═══ RECORDS FOR PROCESSING ═══

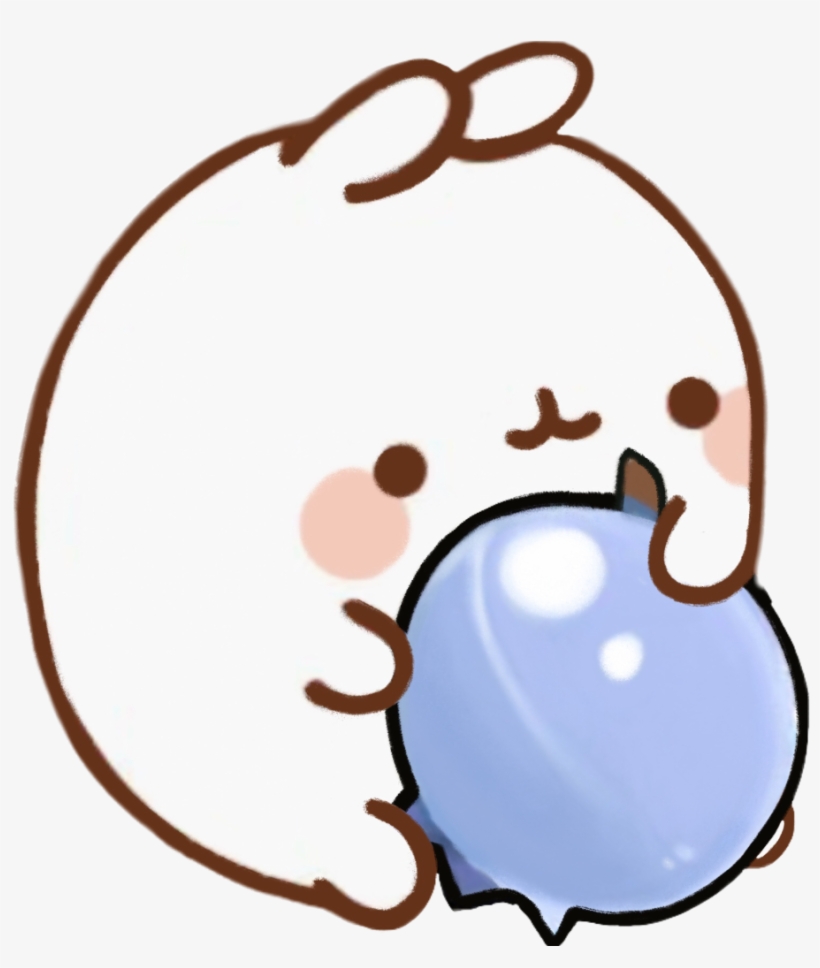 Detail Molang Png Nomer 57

═══
═══ RECORDS FOR PROCESSING ═══

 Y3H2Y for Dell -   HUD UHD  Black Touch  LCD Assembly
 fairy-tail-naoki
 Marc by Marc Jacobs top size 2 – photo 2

═══

- _EXERCISE AIM_
The reply should consist solely of the lines above from the one that has "Y3H2Y for Dell" through the one that has "Marc by Marc Jacobs top size 2 – photo 2", reproduced exactly.

- _COMPLETED EXERCISE_
 Y3H2Y for Dell -   HUD UHD  Black Touch  LCD Assembly
 fairy-tail-naoki
 Marc by Marc Jacobs top size 2 – photo 2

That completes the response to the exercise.